(Records for this exercise begins)
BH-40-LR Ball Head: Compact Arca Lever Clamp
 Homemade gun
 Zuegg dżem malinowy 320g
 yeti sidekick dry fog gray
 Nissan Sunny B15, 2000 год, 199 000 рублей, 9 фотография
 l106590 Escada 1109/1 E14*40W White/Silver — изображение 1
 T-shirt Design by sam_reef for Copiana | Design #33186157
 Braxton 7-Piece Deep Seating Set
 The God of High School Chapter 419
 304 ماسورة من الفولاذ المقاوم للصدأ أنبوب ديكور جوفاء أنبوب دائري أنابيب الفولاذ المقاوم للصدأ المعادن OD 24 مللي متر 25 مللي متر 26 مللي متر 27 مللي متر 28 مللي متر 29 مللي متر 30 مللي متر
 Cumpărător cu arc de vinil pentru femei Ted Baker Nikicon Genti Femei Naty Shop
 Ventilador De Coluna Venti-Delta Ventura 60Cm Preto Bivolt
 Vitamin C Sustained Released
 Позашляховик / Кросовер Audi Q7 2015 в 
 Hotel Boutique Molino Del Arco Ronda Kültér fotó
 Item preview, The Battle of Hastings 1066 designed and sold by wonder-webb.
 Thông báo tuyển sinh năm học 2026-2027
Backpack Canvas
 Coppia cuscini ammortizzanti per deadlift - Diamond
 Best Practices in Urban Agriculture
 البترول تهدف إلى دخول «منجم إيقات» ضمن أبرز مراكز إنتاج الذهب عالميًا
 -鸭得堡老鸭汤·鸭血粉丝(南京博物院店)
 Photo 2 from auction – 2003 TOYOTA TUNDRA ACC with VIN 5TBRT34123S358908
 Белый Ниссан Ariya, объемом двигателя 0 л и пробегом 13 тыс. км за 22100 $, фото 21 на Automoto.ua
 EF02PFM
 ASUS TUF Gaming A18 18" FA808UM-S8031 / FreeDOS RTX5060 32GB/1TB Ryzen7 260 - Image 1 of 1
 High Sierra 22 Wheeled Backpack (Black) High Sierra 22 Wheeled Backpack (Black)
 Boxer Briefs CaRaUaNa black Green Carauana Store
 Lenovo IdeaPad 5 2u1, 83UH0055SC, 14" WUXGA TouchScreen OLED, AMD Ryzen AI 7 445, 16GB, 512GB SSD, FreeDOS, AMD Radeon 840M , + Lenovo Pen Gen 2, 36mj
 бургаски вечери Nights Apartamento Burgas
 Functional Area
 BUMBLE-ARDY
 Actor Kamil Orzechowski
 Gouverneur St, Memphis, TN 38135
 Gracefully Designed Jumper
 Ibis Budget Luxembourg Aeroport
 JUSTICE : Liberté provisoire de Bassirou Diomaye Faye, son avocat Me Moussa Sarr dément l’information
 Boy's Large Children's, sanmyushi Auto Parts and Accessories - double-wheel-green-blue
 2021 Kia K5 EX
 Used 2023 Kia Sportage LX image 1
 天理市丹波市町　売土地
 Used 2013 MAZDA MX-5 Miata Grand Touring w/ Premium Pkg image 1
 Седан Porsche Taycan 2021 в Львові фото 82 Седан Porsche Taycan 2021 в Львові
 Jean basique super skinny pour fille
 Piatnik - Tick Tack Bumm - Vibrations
(Records for this exercise ends)
Task goal: Go through the records from the first line and copy each one exactly, ending after the line that contains "The God of High School Chapter 419". Give nothing else.

Expected answer:
BH-40-LR Ball Head: Compact Arca Lever Clamp
 Homemade gun
 Zuegg dżem malinowy 320g
 yeti sidekick dry fog gray
 Nissan Sunny B15, 2000 год, 199 000 рублей, 9 фотография
 l106590 Escada 1109/1 E14*40W White/Silver — изображение 1
 T-shirt Design by sam_reef for Copiana | Design #33186157
 Braxton 7-Piece Deep Seating Set
 The God of High School Chapter 419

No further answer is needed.